Company / Analytics

Analytics, 19 March 2020

Exchanges around the world have halted trading.

As the Coronavirus continues to impact the global economy, the Philippines Stock Exchange became the first major market to halt trading. The exchange halted trading on Tuesday for the safety of traders. Though trading was suspended until further notice, the $188 billion-dollar Philippines market plans to reopen on Thursday after measures have been put in place to protect traders. According to The Bangkok Post, a U.S.-listed exchange-traded fund that tracks the Philippine market sank by a record 19.5% on Monday after the bourse announced it was shutting. There are fears other exchanges may initiate shutdowns, after nation-wide lockdowns across the globe and the escalating impacts of the Coronavirus on the global economy.

At the height of the epidemic in China, Chinese authorities extended the Lunar New Year holidays in January and delayed resumption of trade. The Shanghai and Shenzhen stock exchanges were closed from January 23 when Wuhan, the global epicenter of the Coronavirus outbreak was put on lockdown, until February 3. China’s stock markets tanked on the first day when trading resumed. Chinese markets remain open and are operating as normal even as the Coronavirus continues to spread.

Still, in Asia, Sri Lanka followed the Philippines approach and shut down its exchange in a move that analysts say other small emerging markets with limited resources to contain crises such as COVID-19 may adopt. Indonesia Stock Exchange has said they have no plan to shut equities trading but banned short selling in stocks earlier this month.

In the Americas, markets have no plans of closing yet.

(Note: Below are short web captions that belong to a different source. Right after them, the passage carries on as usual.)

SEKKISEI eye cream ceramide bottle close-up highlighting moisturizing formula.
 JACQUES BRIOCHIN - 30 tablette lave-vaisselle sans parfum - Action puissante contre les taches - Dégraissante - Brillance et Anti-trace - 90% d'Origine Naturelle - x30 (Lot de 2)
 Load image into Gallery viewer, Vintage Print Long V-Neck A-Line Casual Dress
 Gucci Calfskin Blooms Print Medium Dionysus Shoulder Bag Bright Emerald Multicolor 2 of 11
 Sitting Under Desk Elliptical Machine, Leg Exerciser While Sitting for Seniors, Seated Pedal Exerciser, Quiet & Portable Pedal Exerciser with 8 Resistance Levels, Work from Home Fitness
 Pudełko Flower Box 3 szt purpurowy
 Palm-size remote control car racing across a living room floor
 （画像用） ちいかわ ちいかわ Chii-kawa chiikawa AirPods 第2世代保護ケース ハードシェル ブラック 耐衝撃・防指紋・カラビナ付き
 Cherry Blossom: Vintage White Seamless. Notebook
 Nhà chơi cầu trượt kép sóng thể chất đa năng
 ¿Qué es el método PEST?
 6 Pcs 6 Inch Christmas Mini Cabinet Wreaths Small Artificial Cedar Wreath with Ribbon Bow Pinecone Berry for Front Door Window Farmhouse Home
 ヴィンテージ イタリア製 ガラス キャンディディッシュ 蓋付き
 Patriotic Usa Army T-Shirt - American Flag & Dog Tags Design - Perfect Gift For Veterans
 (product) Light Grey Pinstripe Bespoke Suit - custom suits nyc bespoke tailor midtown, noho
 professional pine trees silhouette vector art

For example, the New York Stock Exchange issued statements this week saying they plan to remain open even as the three major US stock indices – The Dow Jones, S&P 500 and Nasdaq – continued to plummet. On Monday 15th of March the Dow had crashed 2,998.9 points or 12.93% to 20,186.72, the S&P 500 dropped 11.98% to 2,386.19 and the Nasdaq fell 12.32% to 6,904.59.

While various markets around the world closed trading floors or suspended trade after huge falls in market value, opinion is divided on whether suspending or shutting stock markets in times of crisis is a good strategy.

Though there are precedents, the practice of shutting markets in times of crisis is extremely rare. Past examples include during terrorist attacks of 9/11 when US stock markets closed for almost a week, Hong Kong’s halting of trade in the wake of the Black Monday crash in 1987 and when Greece shut its stock market for about five weeks in 2015.

Following Black Monday in 1987, a survey of international investors by the Hong Kong stock exchange found that the closure had negatively affected the exchange’s international reputation and eroding the market’s reputation in the short term, according to the Bangkok Post.

But exchanges and regulators have largely rejected the idea of temporary market closures. In addition to the NYSE and Indonesia, Korea also has no plans of shutting trading while in Australia, regulators “have a range of measures, some of which have already been taken, to maintain the market’s orderliness and resilience.” U.S. Securities and Exchange Commission Chairman Jay Clayton was quoted by CNBC on Monday to be of the view that stock markets should continue to operate.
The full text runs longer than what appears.